In mehreren Gremien und Ausschüssen (Vorstand, Geschäftsführung, Finanzausschuss und Delegiertenversammlung) wurden notwendige und mögliche Veränderungen der Beitragsordnung diskutiert und auf Machbarkeit und Sinnhaftigkeit geprüft. Schließlich wurde mit der Einführung einer zweiten Ermäßigungsstufe die Beitragspflicht für weniger einkommensstarke Mitglieder degressiv gestaffelt.
Hintergrund dieser Entscheidung war insbesondere der Umstand, dass die bisherige Beitragsordnung die wirtschaftliche Situation von Mitgliedern nur ungenügend berücksichtigte. Es gab weder die Möglichkeit einer stärkeren Beitragssenkung für einkommensschwache Gruppen, noch die Möglichkeit des Beitragserlasses bei besonderen Härtefällen.
Armut und Armutsgefährdung als neue Kriterien
Als Richtschnur für die Festlegung der neuen Einkommensgrenzen für die Bewilligung einer Beitragsermäßigung dienen die Armutsgrenzen, die der 3. Armuts- und Reichtumsbericht der Bundesregierung von 2008 definiert. Hier wurde deutlich, ab welchen Einkommensgrenzen Menschen in Deutschland in Armut leben oder von Armut bedroht sind.Die dargestellten Armuts- und die Armutsgefährdungsgrenze sind keine starren Einkommensgrößen, sondern korrelieren mit der Einkommensentwicklung in Deutschland. Will man diesen Grenzen folgen, bedarf es Schwellenwerte, die sich dynamisch entwickeln. Mit der Koppelung der Schwellenwerte an die Bezugsgröße für die Sozialversicherung gemäß § 18 SGB IV wurde eine entsprechende Möglichkeit gefunden.
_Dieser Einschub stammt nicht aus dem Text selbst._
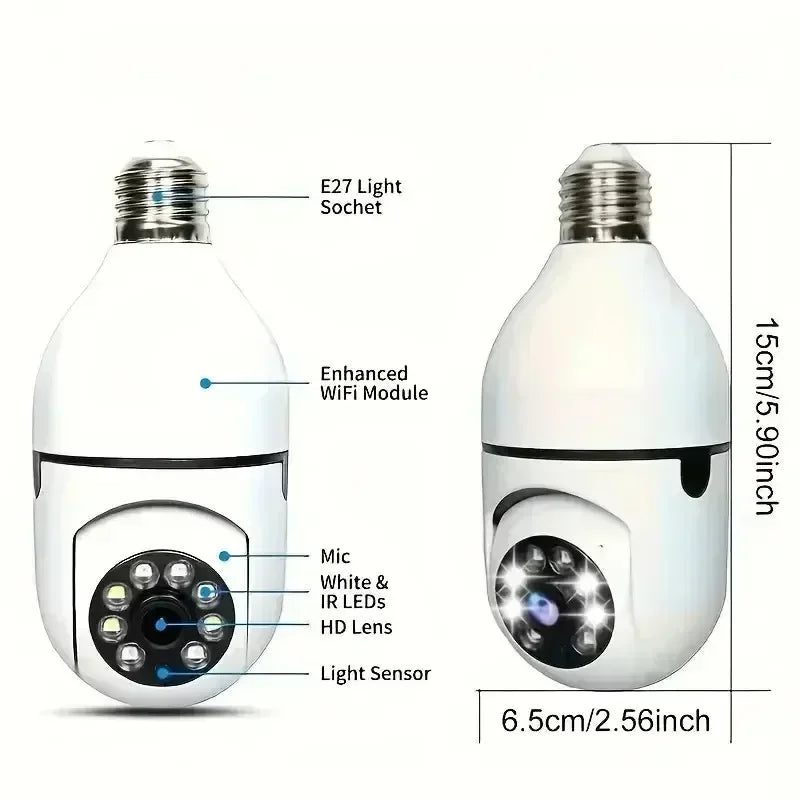 360 Light Bulb Security Camera Home Wireless Surveillance with Audio with Phone APP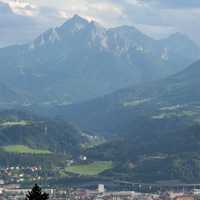 Panoramic view looking down in Innsbruck, Austria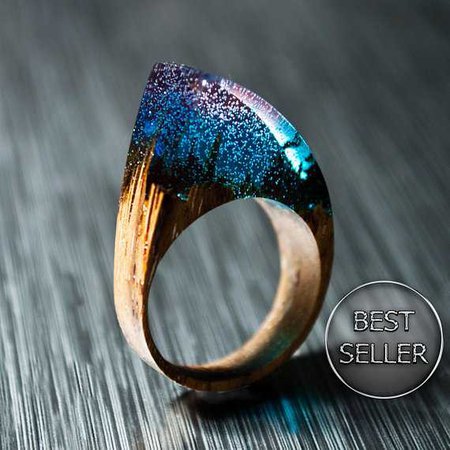 Gift for Woman Resin Rings Gift For Her Wood Ring Statement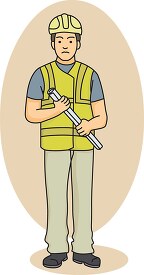 man wearing safety jacket and hard hat construction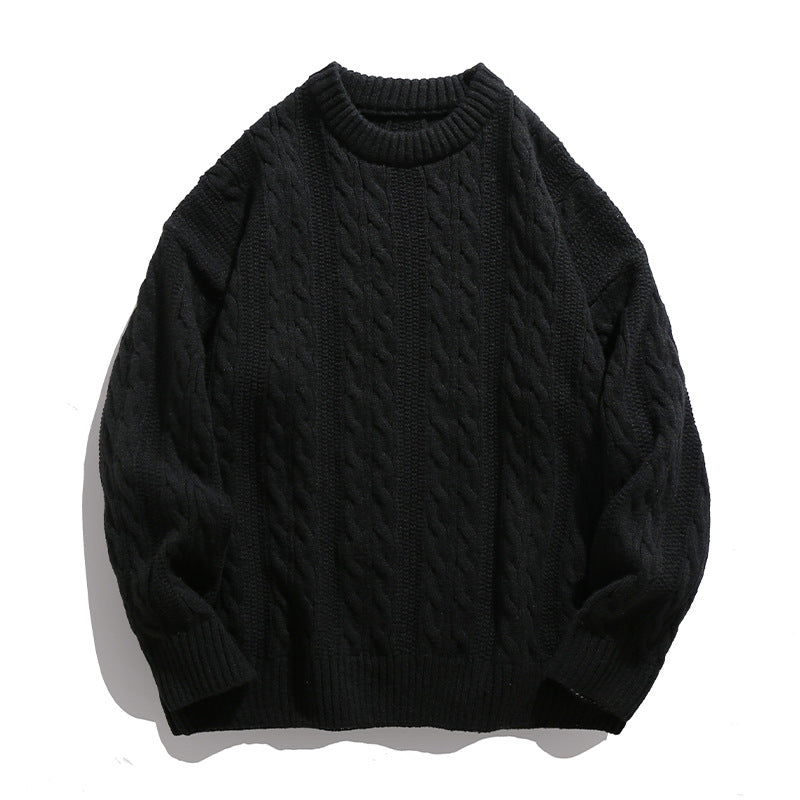Rundhalset Løs Snoet Sweater til Herre – Par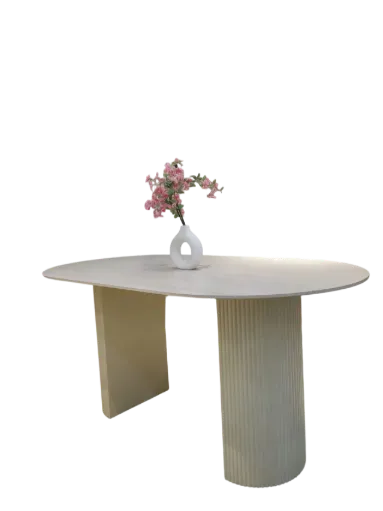 TABLE A MANGER OVALE EN PIERRE FRITTEE 1600X900X750 CT251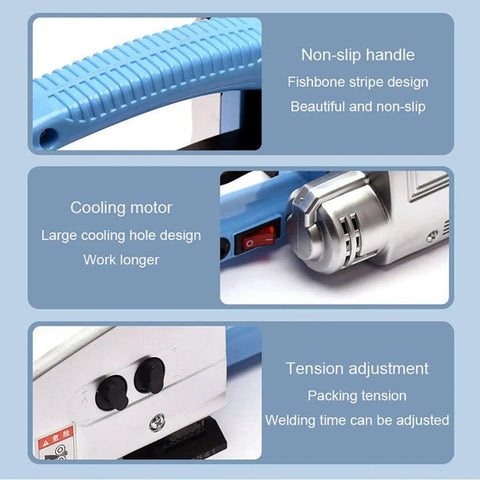 Details of Beast Of A Battery Powered Electric Strapping Machine for PP and PET straps, showing non-slip handle, cooling motor, tension adjustment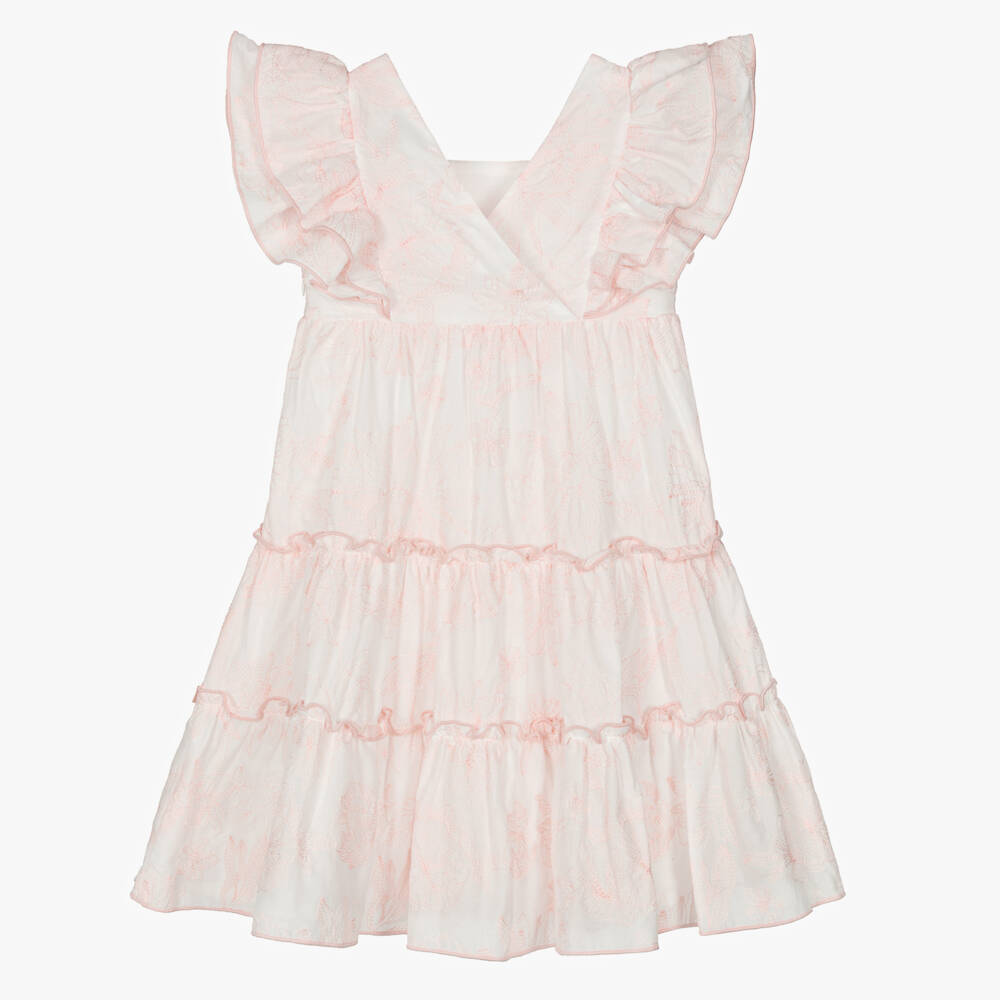Tartine et Chocolat-Girls Blush Blossom Embroidered Sundress | Childrensalon Outlet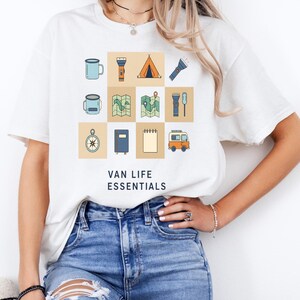 Van Life Essentials T Shirt Camping Adventure Tee With Maps Flashlight Tent Compass Notebook Mug Travel Gift For Rv Nomads Campers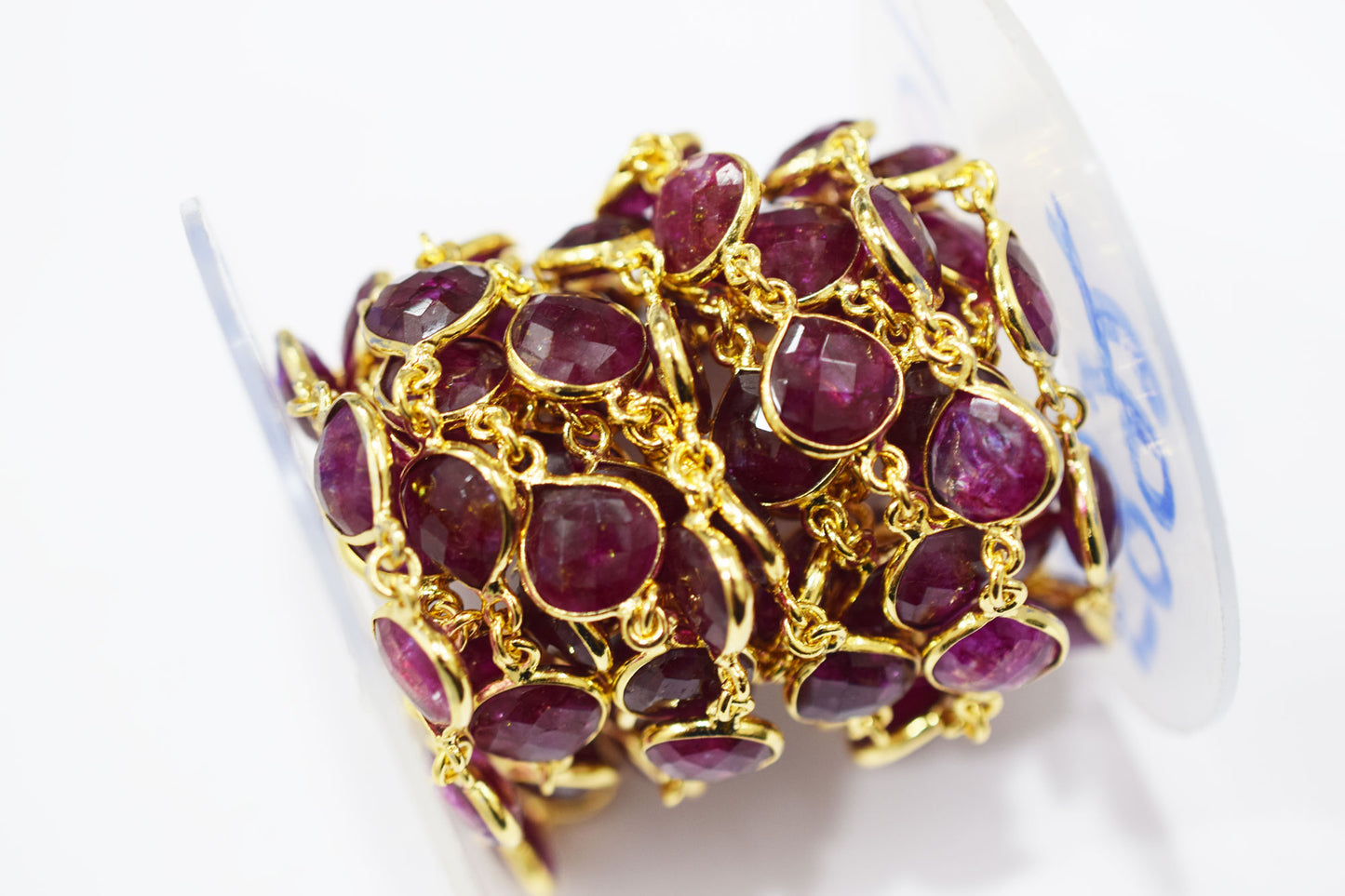 Dyed Ruby Beryl Faceted Heart Shape Connector Chain , 9 mm , RB-6527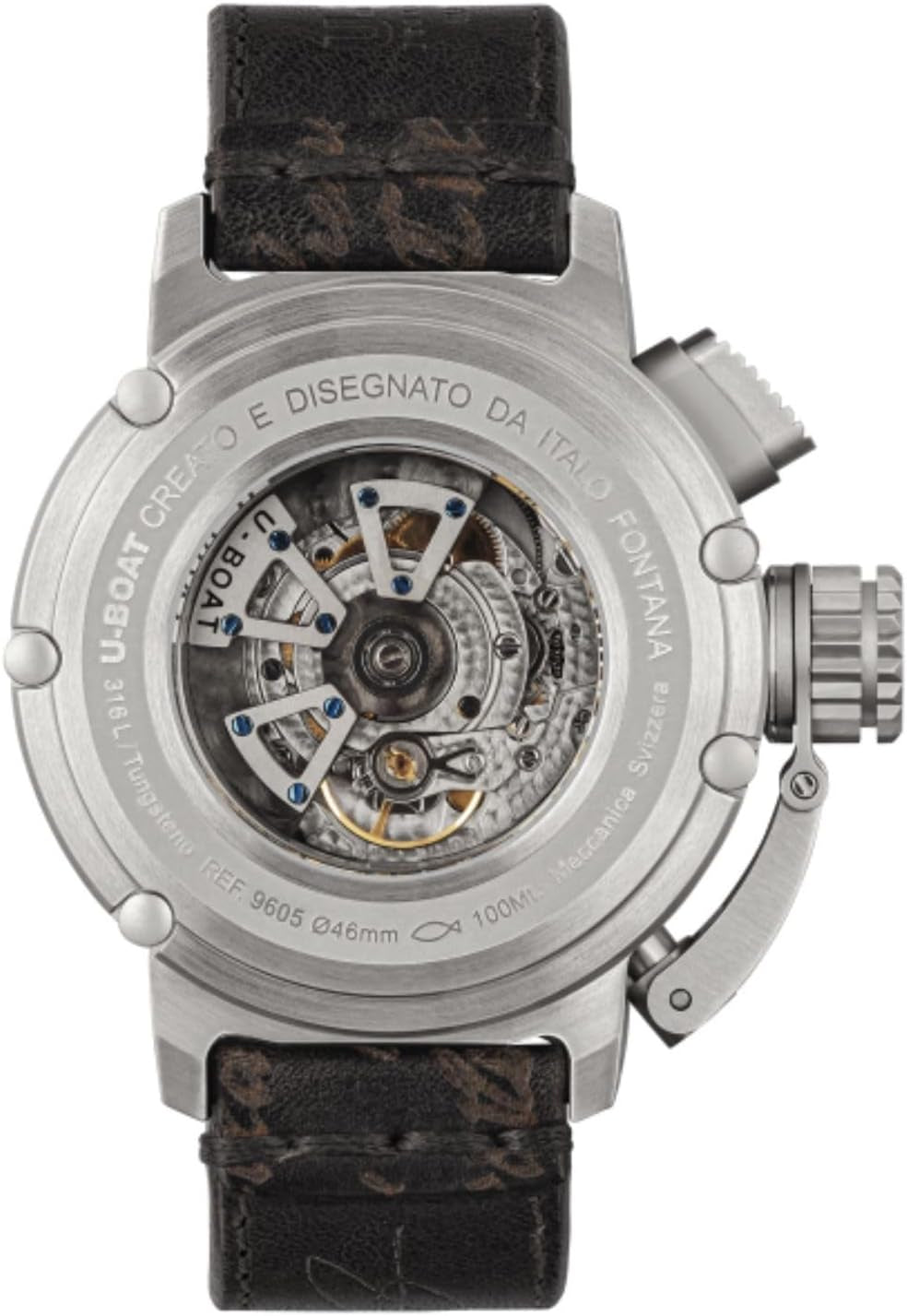 Chimera 46Mm Ss Black Mens Analog Automatic Watch with Leather Bracelet 9605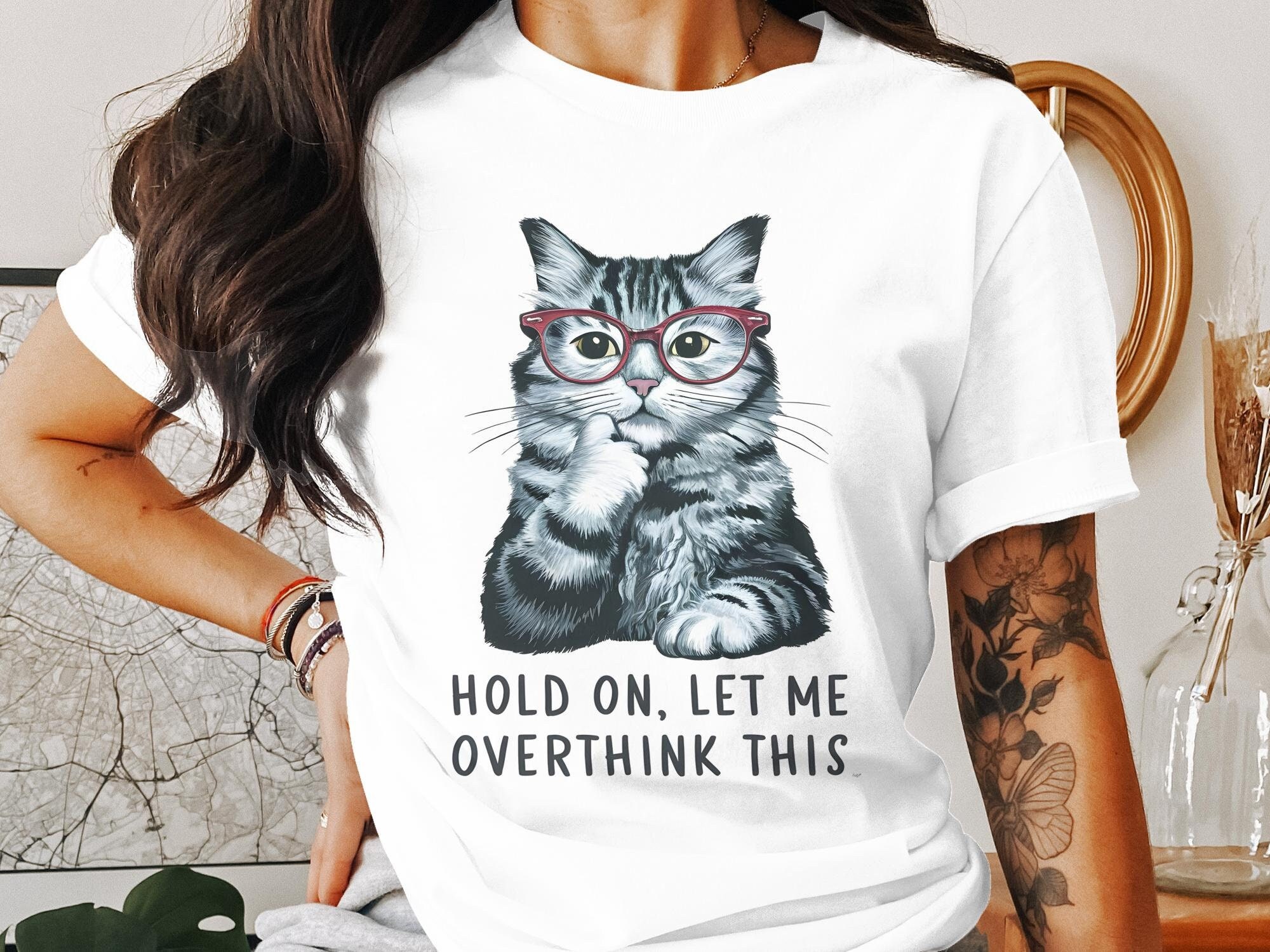 Overthinking cat t shirt deals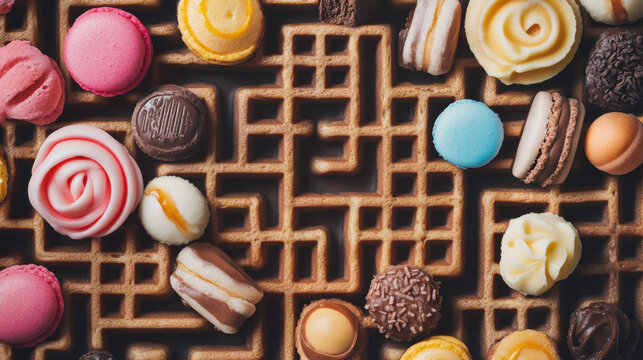 Labyrinth maze. Cartoon sweets, dessert and cake characters. Kids find way riddle, children maze puzzle vector worksheet with cheerful waffle, maracon and chocolate candy, cheesecake, pudding, cookie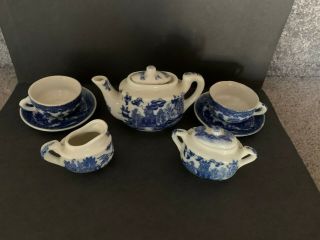 Miniature 9 - Piece Vintage Glazed Ceramic Tea Set For 2,  Blue & White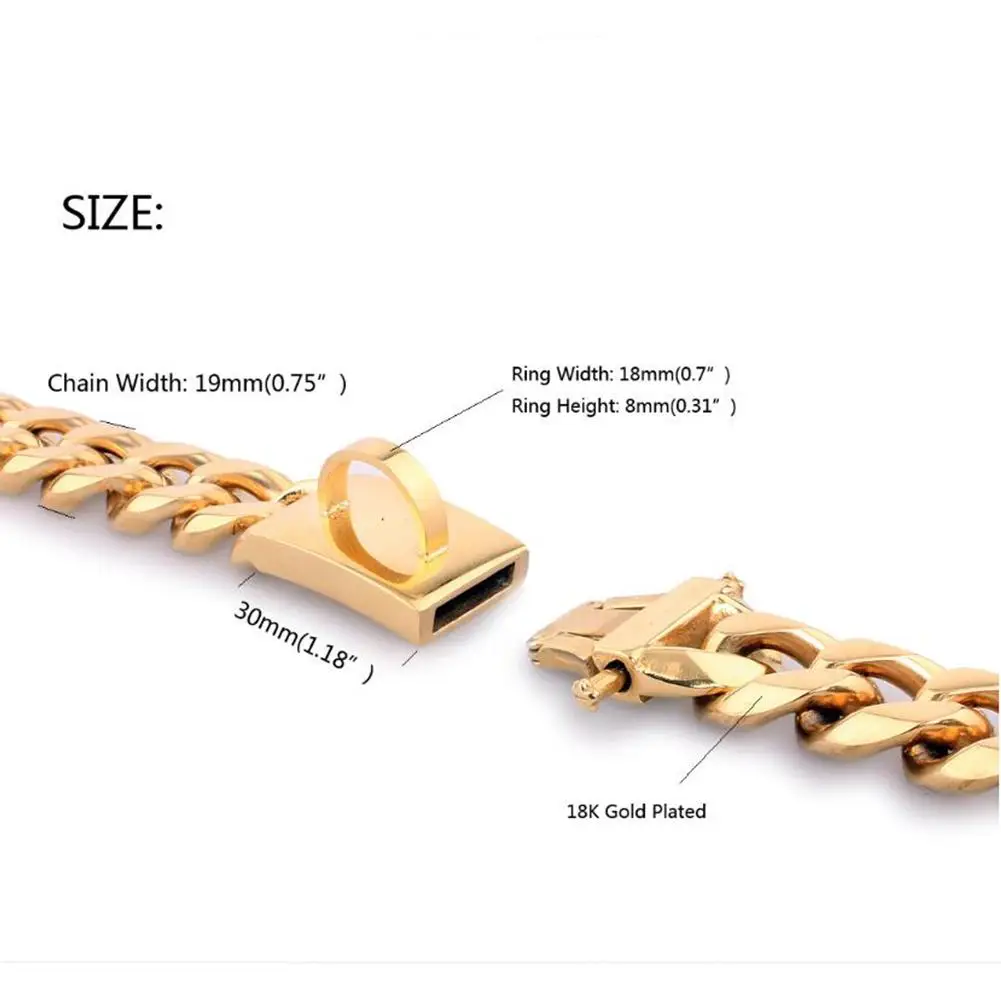 Собачий ошейник из нержавеющей стали прогулочная цепь безопасная Пряжка жгут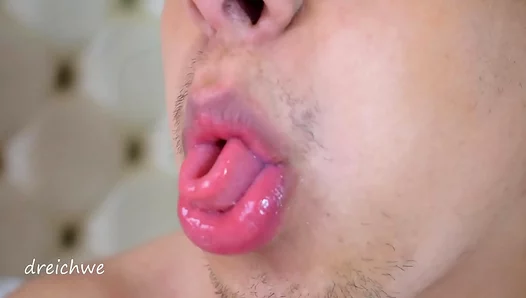 Latino Man Exploring Delicious Wet Tongue Fetish In Sexy Mouth Session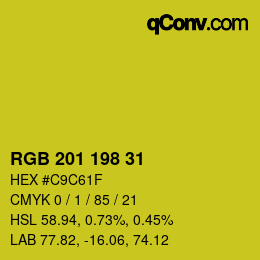 Color code: RGB 201 198 31 | qconv.com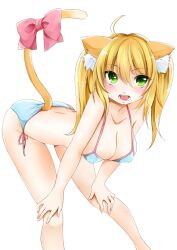  animal_ears bent_over bikini blonde_hair blush breasts cat_ears cleavage commentary_request covered_nipples female green_eyes hands_on_own_knees hazuki_natsu large_breasts original side-tie_bikini_bottom solo swimsuit tail 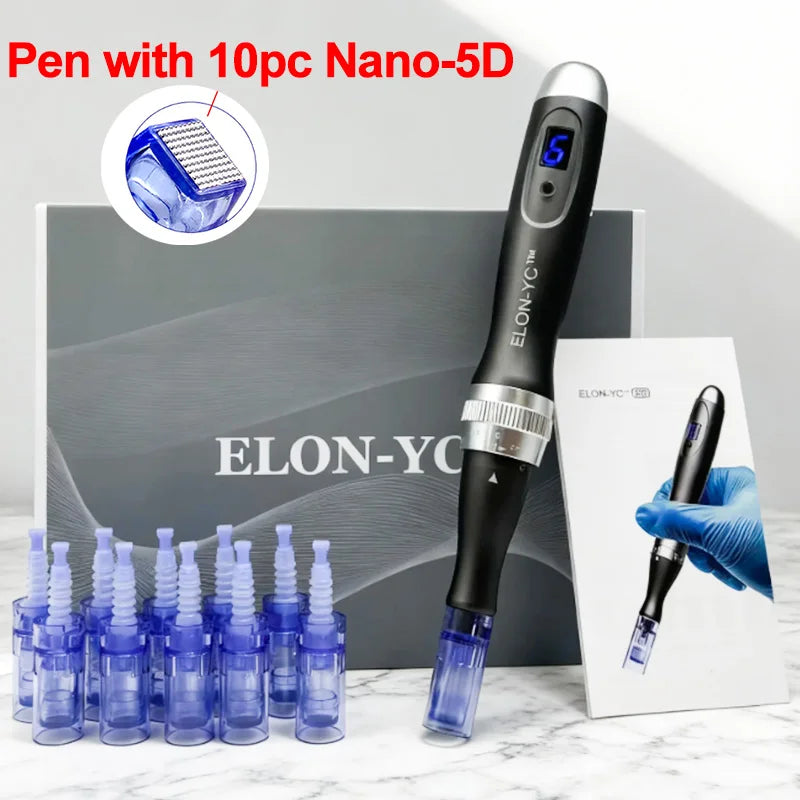Dermapen Inalámbrico Profesional ELON-YC Ultima-X6 – Kit de Belleza y Cuidado de la Piel con 10 Cartuchos de 0,25mm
Die Bezugsgröße der Sozialversicherung wird jährlich unter Berücksichtigung der Entwicklung der Reallöhne von der Bundesregierung festgesetzt und entspricht dem durchschnittlichen Bruttojahreseinkommen in Deutschland.
Wer 45% des Durchschnittseinkommens (also der Bezugsgröße) verdient, ist von Armut gefährdet, wer unter 30% des Durchschnittseinkommens zur Verfügung hat, lebt in Armut. Diese Grenzen sind die neuen Grenzen für die Beitragsermäßigungen der Kammer.
Der Schwellenwert für den ermäßigten Beitrag I beträgt 45% der Bezugsgröße und entspricht in seiner konkreten Summe der Armutsgefährdungsgrenze des III. Armuts- und Reichtumsberichts. Der Schwellenwert für den ermäßigten Beitrag II beträgt 30% der Bezugsgröße und entspricht der Armutsgrenze des Berichts. 2009 beträgt die Bezugsgröße 29.820 €, für 2009 gelten daher die Schwellenwerte von:
- 13.419 € jährlichem Gesamteinkommen für den ermäßigten Beitrag I in Höhe von 85 €,
- 8.946 € jährlichem Gesamteinkommen für den ermäßigten Beitrag II in Höhe von 0 €.
Kinder werden zusätzlich berücksichtigt. Pro halbem Kinderfreibetrag erhöhen sich die jeweiligen Einkommensgrenzen um 1.491 €.
Bei der Ermäßigungsentscheidung wird die finanzielle Bedürftigkeit anhand des jährlichen Gesamteinkommens festgestellt. Dies ist in § 16 SGB IV definiert und umfasst die "Summe der Einkünfte" bzw. den "Gesamtbetrag der Einkünfte" laut Einkommenssteuerbescheid.